Keywords: diatom algae; optical setup; spectrophotometry; fluorescence; microscopy.
Paper #3567 received 02 Dec 2022; revised manuscript received 06 Dec 2022; accepted for publication 07 Dec 2022; published online 30 Jan 2023. doi: 10.18287/JBPE23.09.010303.
1 Introduction
Diatoms are the most numerous representatives of phytoplankton, having appeared nearly 200 million years ago [1]. These exquisite single-celled microalgae thrive wherever there is light, water, essential gases and nutrients and play an immense role in keeping the planet's ecosystem working. As one of the main photosynthesizers, they produce about 20-25% of the atmospheric oxygen and form up to a quarter of the organic material [2]. Their most important feature is a highly porous silica cell wall
called frustule, whose intricate patterns and sophisticated designs have captured the attention of researchers for centuries [3, 4]. The silica frustule consists of two halves (valves): the epitheca (the upper part), and the hypotheca (the lower part), joined together by siliceous girdle bands. Diatoms (phylum Bacillariophyta) consists of three classes Coscinodiscophyceae (centric species with radial valve symmetry), Mediophyceae (centric species with radial and bipolar valve symmetry), and the bilaterally symmetric class Bacillariophyceae [5]. Diatoms are extremely diverse, with conservative estimates ranging from 100,000
to 200,000 species, making them one of the most species-rich eukaryotic lineages [6]. Their size ranges from 2 to 1500 ^m, although there are a few larger species. In terms of the number of species, pennate diatoms dominate over the centric ones [7]. On the other hand, centric diatoms, which are mainly planktonic, create the bulk of primary production.

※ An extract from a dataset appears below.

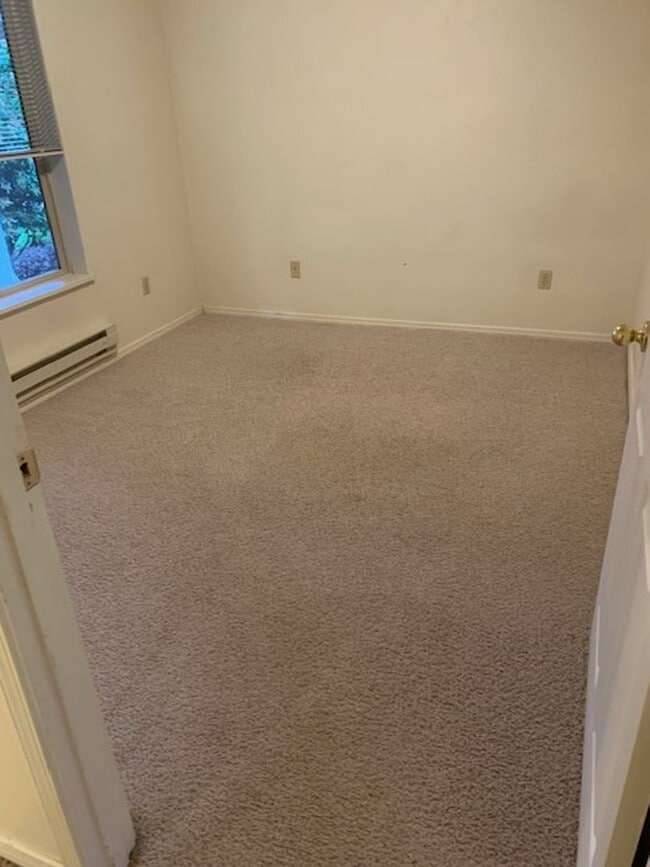 Building Photo - Duplex on Benjamin Ave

Despite their crucial role in the ecosystem, the use of diatoms has previously been almost exclusively limited to academic research. However, owing to their unique structure, abundance, and properties such as high porosity, large surface area, ease of modification, thermal stability, good optical and mechanical properties, efforts have been made to start exploring them for commercial and industrial applications. Over the past 30 years, the potential of diatom frustules as a novel functional material for bio-manufacturing and use as gas sensors, drug delivery systems, biosensors, solar cells, SERS platforms, battery electrodes have been examined [8-12]. Moreover, they are indicators of water quality and a source of bioactive substances, such as lipids, omega-3 fatty acids, and proteins [13, 14]. Nowadays, there is a considerable need for optimization of algae bioreactors, both in terms of production efficiency of target algae cultures, and in terms of efficient monitoring of the algal life cycle for cultivation protocols optimization. The growth of diatoms is traditionally assessed by obtaining growth curves upon counting cells under a microscope in selected aliquots. However, many species are prone to aggregation and clustering, therefore, after several days of cultivation, their counting becomes very difficult, especially in the case of small benthic cultures. Probably, the main difficulty in counting cells in a microvolume in a well plate is the impossibility of selecting adequate aliquots, so growth curves are usually presented with rather large technical errors. Diatom cultivation in large bioreactors and subsequent selection of probes would lead to even greater errors.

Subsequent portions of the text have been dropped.